Adulte et enceinte, elle revient en Tasmanie pour recoller les morceaux de son
enfance malheureuse auprès d’un père presque constamment soûl et déçu de la
vie.
Toute l’intrigue repose sur les personnages et en particulier sur le
duo formé par Sonja et son père avec, toujours en creux, l’absente. Or j’ai intégralement
détesté le père et pas compris la fille.
Certes, le père est malheureux : il a quitté l’Europe centrale
plein d’espoir envers l’avenir qui l’attendait sur cette terre et, finalement, sa
femme l’a quitté, il a travaillé comme un abruti toute sa vie sans que cela lui
permette pour autant d’améliorer son existence ; il n’en reste pas moins
une brute, même si j’entends qu’il n’est pas « équipé » pour être
capable de prendre de la hauteur.
Certes, la fille s’interroge sur son passé alors qu’elle pourrait
devenir mère et qu’elle n’a pas eu de modèle, que ses racines sont largement
incomplètes, floues. Pour autant, je n’ai pas compris ce qu’elle espérait d’un
tel géniteur, ni sa fidélité à son égard.
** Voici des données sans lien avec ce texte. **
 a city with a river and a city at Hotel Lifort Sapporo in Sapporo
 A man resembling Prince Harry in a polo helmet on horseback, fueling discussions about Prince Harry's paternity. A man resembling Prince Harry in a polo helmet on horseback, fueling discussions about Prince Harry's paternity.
Je peux comprendre l’attachement par
l’habitude (ils ont vécu ensemble, même si c’était pour le pire), même si je n’y
adhère pas personnellement.
Aussi le livre m’a-t-il paru excessivement long, ne faisant que démontrer
encore et encore la médiocrité de ces liens. Si Flanagan est doué pour faire
toucher du doigt la douleur des personnages et en particulier celle de Sonja
qui a grandi sans mère et auprès d’un père négligent, sur la distance toute
cette souffrance est pesante. On a beau chercher un peu d’espoir, la ressource
est rare. Il manquait de l’air, un souffle pour que l’histoire m’embarque (et
faut-il préciser que la maternité de Sonja ne risquait pas de susciter un quelconque
enthousiasme de ma part ?)
« Si cette histoire pouvait être racontée convenablement, tout
s’y trouverait, un océan de faits passés, les rêves d’avenir, et l’on pourrait
nager dans la maigre eau de tels souvenirs et surfer sur les vagues de tels
rêves quand elles se dressent avant de se briser et de s’anéantir. »
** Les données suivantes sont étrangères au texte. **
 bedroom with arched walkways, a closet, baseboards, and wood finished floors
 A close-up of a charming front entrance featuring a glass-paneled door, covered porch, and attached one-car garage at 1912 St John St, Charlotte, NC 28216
Pour autant, le talent de l’auteur transparaît entre les lignes, sa
capacité à recréer incidemment un contexte (historique, social, géographique) ;
j’aurais d’ailleurs aimé que ce dernier soit plus présent. Par ailleurs, le
style de Flanagan est égal à lui-même et l’envergure de l’auteur est évidente.
Ce sont les raisons qui me conduisent à vouloir poursuivre l’exploration de son
œuvre, en particulier avec La route étroite vers le nord lointain, un roman que
je n’avais pourtant jamais eu l’intention de lire. Il n’en reste pas moins que ce
livre-ci ne me laissera pas un bon souvenir.
De l'auteur, je recommande particulièrement Le livre de Gould.